"Good old Scrooge!"
"Merry Christmas, everybody—Happy New Year to all the world," quoted Judith promptly, seizing her letters and making her way through the crowd around Miss Marlowe's door down to the good old "Jolly Susan" and Nancy.
Yes, there was Nancy's pretty yellow head, and in another minute she was looking into Nancy's merry eyes and trying to answer three questions at once and say "hullo" to Josephine and Jane and Sally May.
Judith was the last to arrive, so they all crowded into her room and sampled Aunt Nell's Christmas cake—thoughtfully provided for the occasion—and the big box of chocolates which Josephine's brother had sent.
Five tongues wagged merrily in spite of cake and candy, for there were endless things to tell—Josephine had been to her first real dance, and Jane had been down to New York with Phyllis Lovell, and you may be sure that Nancy and Judith were not behind the others in their accounts of "perfectly gorgeous" times. And when Catherine joined them and added her tale of a gay winter fête in Winnipeg, Judith felt that no home-coming could be happier.
"Oh, isn't it nice to belong!" said Judith to herself as she dressed for supper. "I wonder how that new girl is getting on—I guess she's in our form when Eleanor got Peggy for her—I wish I could do something to make her feel at home—"
Josephine's head appeared in the door and she whispered mysteriously, "Come on down to the common room when you've finished."

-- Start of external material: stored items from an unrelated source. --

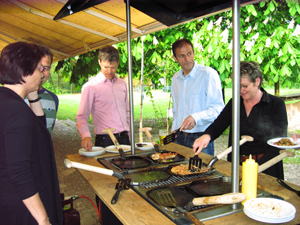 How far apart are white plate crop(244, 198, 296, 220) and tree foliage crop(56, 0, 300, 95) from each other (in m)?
3.98

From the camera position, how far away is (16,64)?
1.39 metres

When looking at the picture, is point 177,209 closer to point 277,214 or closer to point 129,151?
point 277,214

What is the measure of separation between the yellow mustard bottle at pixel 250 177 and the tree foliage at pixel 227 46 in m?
3.89

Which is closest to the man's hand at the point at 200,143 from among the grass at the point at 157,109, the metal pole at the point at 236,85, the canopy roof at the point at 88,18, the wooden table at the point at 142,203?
the wooden table at the point at 142,203

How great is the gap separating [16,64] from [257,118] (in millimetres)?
1895

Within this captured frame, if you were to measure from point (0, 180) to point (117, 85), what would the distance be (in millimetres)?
2046

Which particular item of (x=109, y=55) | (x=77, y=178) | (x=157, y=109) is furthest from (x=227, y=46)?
(x=157, y=109)

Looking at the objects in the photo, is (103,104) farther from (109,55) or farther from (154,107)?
(154,107)

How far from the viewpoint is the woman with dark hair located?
1266mm

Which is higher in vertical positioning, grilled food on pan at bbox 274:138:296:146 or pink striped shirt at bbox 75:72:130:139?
pink striped shirt at bbox 75:72:130:139

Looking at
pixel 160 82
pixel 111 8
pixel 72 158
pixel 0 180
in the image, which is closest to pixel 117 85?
pixel 111 8

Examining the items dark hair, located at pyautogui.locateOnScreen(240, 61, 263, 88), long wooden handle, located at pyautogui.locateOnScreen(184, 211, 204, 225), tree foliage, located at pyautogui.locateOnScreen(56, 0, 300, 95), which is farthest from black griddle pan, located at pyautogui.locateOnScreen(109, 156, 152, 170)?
tree foliage, located at pyautogui.locateOnScreen(56, 0, 300, 95)

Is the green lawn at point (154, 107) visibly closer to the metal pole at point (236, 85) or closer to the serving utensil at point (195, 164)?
the serving utensil at point (195, 164)

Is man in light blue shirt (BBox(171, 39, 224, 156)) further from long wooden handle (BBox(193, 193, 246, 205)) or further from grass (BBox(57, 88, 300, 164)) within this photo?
long wooden handle (BBox(193, 193, 246, 205)) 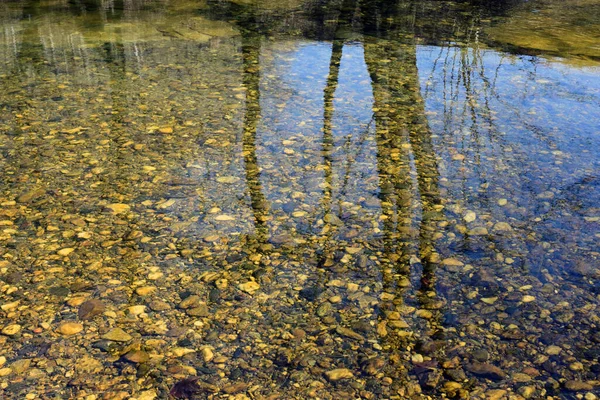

"What do you think," she said when Judith joined her, "that mean Genevieve Singleton has been trying to get in here in Jane's room! Jane said once at the beginning of last term that she wished she was down in Peggy Forrest's cubicles, but that was ages ago. Genevieve went to Miss Marlowe and said that Jane wanted to change her room, and may she please have Jane's room, as she hasn't been very well during the holidays and her mother doesn't want her to climb stairs. Miss Marlowe sent for Jane, and you should have heard her when she came back! Genevieve is in Catherine's room now telling her how heartbroken she is, I suppose. Silly thing, I wish she would try holding my hand."
Judith laughed at Josephine's disgusted expression, and blushed a little as she remembered her own foolishness about Catherine.
"Genevieve's queer, isn't she? I can't make her out—you remember how crazy she was about Helen, and Helen didn't seem to like her a bit."